左から時刻表、車内、屋島山上駅、駅前売店

改札口には時刻表があり、平日でも8〜18時の20分間隔で運転されていました。繁忙期は7〜10分間隔で運転されていた様子がうかがえます。「義経号」「弁慶号」とネーミングされた古典的な懐かしい車両が交互に運転され、途中の信号場ですれ違います。しかし、車内はガラガラで行きは2人、帰りは私ひとりという状況でした。赤字にもかかわらず20分毎の運転に敬意を表して、なんとか先生の著書を読んでひとりでも多くの観光客が乗ってくれればという思いがありました。
 登山口駅から山上駅まで850mを約5分で登ります。途中アナウンスが流れ、高松市街のパノラマが広がります。短いトンネルをくぐって到着する屋島山上駅はレトロ感あふれるモダンな駅舎です。しかし、ここから屋島寺をはじめとする観光ポイントは約2キロ離れています。徒歩で30分かかるのはそのためで、このアクセスがネックになってしまい、観光バスに乗客を奪われた感は否めません。駅前にはレンタサイクルがあり、整備された遊歩道は平坦部分なので自転車を利用すると、機動力を発揮でき、かなり楽になります。でもケーブルが休止になった現在、あの売店は営業しているのでしょうか? 店の人もケーブルで通勤している感じでしたが……。

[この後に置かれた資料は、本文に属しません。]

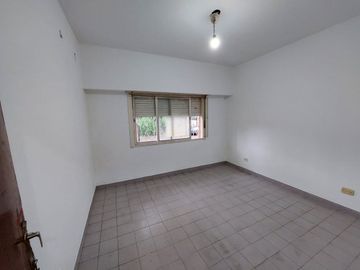 VENTA CASA 5 AMB EN HURLINGHAM C/ JARDIN Y COCHERA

左から遊歩道、談古嶺から望む源平古戦場の眺め、いいだこおでん、かわらけ、廃墟ホテル

遊歩道から緑に吸いこまれるようにして屋島寺へ向かいます。途中、談古嶺や獅子の霊巌と呼ばれる展望台からは源平の古戦場が一望でき、名物のいいだこおでんも味わえます。また、ここから土器を海に向かって飛ばす「かわらけなげ」は、源氏が陣笠を投げて勝どきをあげたことに由来し、厄災難除けになると伝えられています。しかし、そのすばらしい眺望とは裏腹に屋島も観光の衰退が目立ち、山上の至るところにホテル・旅館の廃墟がありました。

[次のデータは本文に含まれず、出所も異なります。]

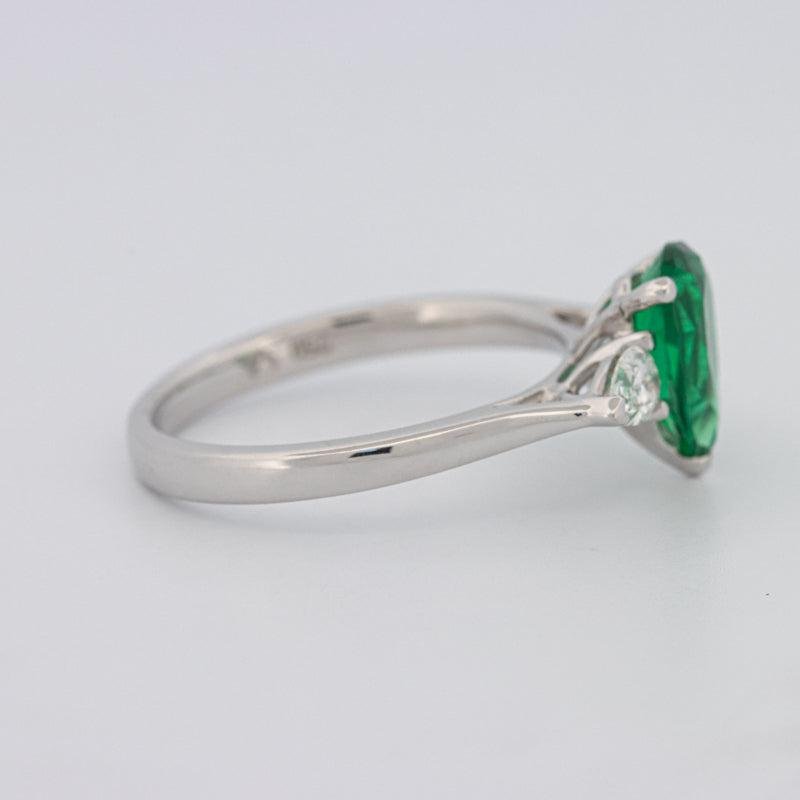 1.10 CT Pearshape Green Emerald Ring - ZIZOV DIAMONDS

左から屋島寺、宝物館、血の池、屋島水族館入口のジョーズ、門前町にあるやしま狸の店

屋島山上には、天平勝宝6年(754)に唐僧鑑真が創建した屋島寺をはじめ、源平合戦の遺品を展示する宝物館、源氏が血刀を洗った血の池、山上にある珍しい屋島水族館、ホテルやお土産物屋が並ぶ門前町など見どころがいっぱいあります。すでに義経にまつわる平泉、京都、下関をはじめ、各地で観光ブームになっていますが、屋島もぜひ大河ドラマ人気に便乗してほしいものです。


左から義経の合戦、義経武勇伝、源平餅

最後は義経にまつわるおみやげで締めくくりたいと思います。B級スポットと化した屋島もPR次第では観光客の増加が見込まれると思うのですが……。突然のケーブル休止に四国88箇所をめぐるお遍路さんの足がなくなり困っているという話も聞きました。大河ドラマ放映による観光フィーバーにもかかわらず、ケーブルは観光客やお遍路さんを運ぶことなく沈黙を守っています。
※その後の情報で屋島登山鉄道は引き取り手がなく、2005年7月1日に正式に廃止届を提出。2006年7月1日をもって廃止されることになりました(ノД`)。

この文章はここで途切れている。